Saturday, October 17, 2009

Art, Creativity, Lateralization, and Neuroscience

I decide to get a little clever before my next visit to the occupational therapists at A Total Approach. Since they want me to do a self-portrait and all I can do is a very simple composition composed of simple symbols, I decided I was going to learn to draw. So, I ordered a number of art books. One of the books I ordered, "Drawing on the Right Side of the Brain" is very interesting because it integrates the neuroscience of the brain's left and right hemisphere with visual studies.

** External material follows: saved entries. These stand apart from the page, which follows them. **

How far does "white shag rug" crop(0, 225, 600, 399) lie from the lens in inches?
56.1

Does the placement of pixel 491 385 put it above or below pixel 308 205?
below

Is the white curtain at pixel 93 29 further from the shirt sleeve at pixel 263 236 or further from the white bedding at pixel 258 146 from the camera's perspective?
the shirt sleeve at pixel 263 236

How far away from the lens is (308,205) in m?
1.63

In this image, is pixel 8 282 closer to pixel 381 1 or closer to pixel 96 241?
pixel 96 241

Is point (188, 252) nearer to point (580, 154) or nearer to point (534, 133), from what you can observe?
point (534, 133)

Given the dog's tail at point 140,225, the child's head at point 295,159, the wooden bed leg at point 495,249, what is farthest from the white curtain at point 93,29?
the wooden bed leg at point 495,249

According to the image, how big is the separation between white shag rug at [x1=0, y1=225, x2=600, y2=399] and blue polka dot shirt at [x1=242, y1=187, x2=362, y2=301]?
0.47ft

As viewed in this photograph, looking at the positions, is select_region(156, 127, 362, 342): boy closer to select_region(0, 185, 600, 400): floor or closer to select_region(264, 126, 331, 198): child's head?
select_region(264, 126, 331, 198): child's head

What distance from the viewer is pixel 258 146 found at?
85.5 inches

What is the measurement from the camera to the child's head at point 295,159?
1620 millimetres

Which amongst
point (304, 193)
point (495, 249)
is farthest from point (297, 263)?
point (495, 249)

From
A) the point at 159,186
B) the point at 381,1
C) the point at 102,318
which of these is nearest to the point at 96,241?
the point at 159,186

The key organizing principle in the book is: drawing is the global or "whole" skill requiring only a limited set of basic components. Skills required are not drawing skills, they are perceptual skills: the perception of edges, the perception of spaces, the perception of relationships, the perception of lights and shadows, and the perception of the whole, or gestalt. There are two more basic skills that are required for imaginative, expressive drawing that leads to heart. These are two skills: drawing from memory and drawing from imagination. The final scale, the perception of the whole is neither taught nor learned that seems to emerge as the result of a acquiring the other four skills.

The logical progression for a person starting out in artistic expression is: from line to value to color to painting.

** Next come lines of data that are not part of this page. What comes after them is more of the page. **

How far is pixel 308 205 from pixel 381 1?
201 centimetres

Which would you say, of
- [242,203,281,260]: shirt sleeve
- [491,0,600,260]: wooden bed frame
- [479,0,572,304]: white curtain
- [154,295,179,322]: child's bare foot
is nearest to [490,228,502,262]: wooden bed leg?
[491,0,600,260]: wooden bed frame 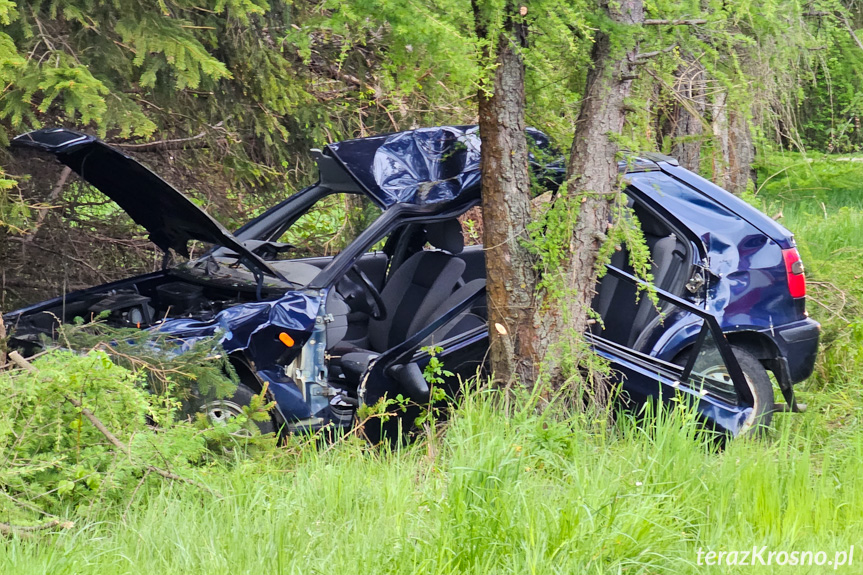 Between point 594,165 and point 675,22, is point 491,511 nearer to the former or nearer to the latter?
point 594,165

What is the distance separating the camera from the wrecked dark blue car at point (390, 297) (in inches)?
173

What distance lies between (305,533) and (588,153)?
250cm

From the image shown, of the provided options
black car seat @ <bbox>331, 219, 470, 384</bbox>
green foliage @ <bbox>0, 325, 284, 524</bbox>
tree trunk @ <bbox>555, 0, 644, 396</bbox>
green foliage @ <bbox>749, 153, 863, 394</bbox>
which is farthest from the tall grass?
green foliage @ <bbox>749, 153, 863, 394</bbox>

As a side note, facial recognition is a function belonging to the right hemisphere.

The mode of processing used by the right brain is rapid, complex, whole -- pattern, spatial, and perceptual. The mode of the left hemisphere is verbal and analytic, while that of the right is nonverbal and global. Inside each of our skulls we have a double brain with two ways of knowing. In visual mode, we see how things exist in space and how the parts go together to make up the whole. Using the right hemisphere, we understand metaphors, we dream, we create new combinations of five years. Betty Edwards' students report that learning to draw makes them feel more artistic and therefore more creative. The right hemisphere is not good at sequencing.
I am going to see what happens with all of this as my vision improves.